> _Requirement_:
Among the lines below, the one containing "今年も残り少なくなってきたねー。" opens the range and the one containing "Zipfl67 live cam on Cam4" closes it. Print that range exactly, without the pictures.

> _Extracted records_:
★ ★ ★ ★ ★
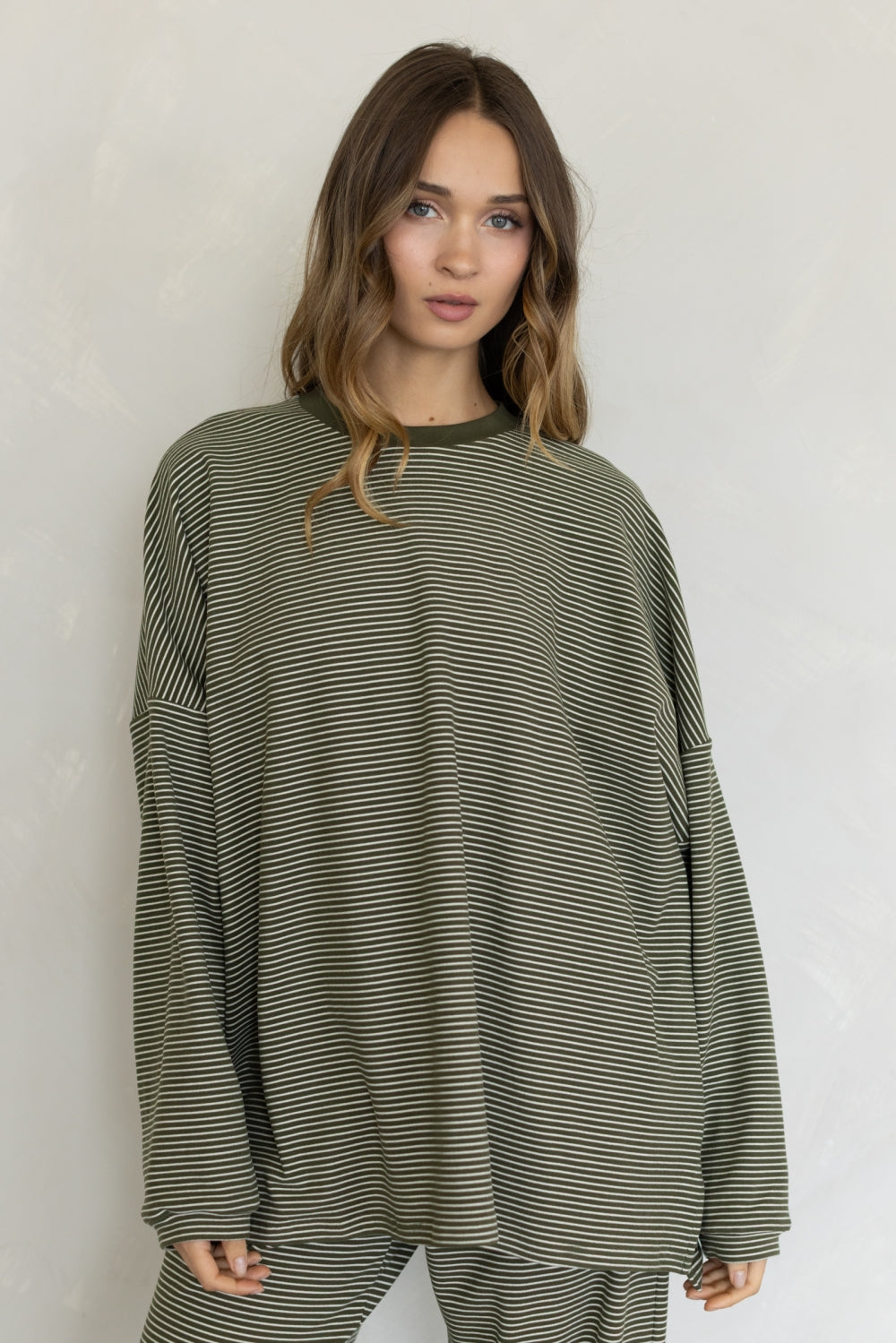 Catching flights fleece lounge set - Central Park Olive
★ ★ ★ ★ ★
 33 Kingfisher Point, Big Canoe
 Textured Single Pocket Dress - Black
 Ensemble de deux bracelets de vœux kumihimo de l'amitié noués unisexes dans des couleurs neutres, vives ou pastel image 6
★ ★ ★ ★ ★
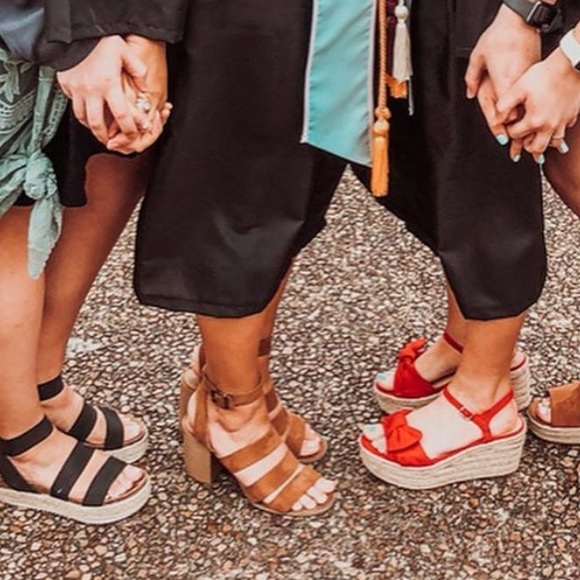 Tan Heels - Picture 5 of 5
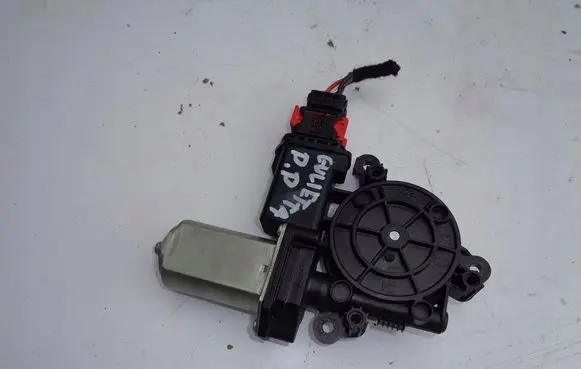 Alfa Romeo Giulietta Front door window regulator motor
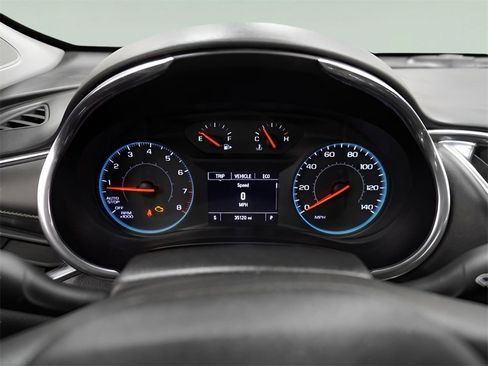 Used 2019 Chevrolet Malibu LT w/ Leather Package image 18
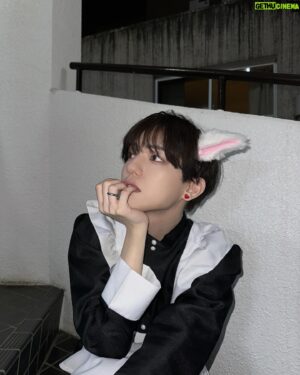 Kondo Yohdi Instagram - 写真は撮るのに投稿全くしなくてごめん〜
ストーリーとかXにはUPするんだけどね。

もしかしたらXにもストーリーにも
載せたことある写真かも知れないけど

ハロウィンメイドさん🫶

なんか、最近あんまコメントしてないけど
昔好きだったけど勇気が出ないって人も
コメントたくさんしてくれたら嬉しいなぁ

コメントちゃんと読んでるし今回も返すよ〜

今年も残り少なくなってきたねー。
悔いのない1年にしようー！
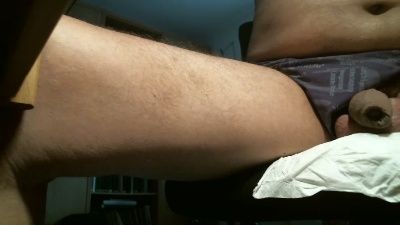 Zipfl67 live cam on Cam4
★ ★ ★ ★ ★
> _Solution for this problem_:
今年も残り少なくなってきたねー。
悔いのない1年にしようー！
 Zipfl67 live cam on Cam4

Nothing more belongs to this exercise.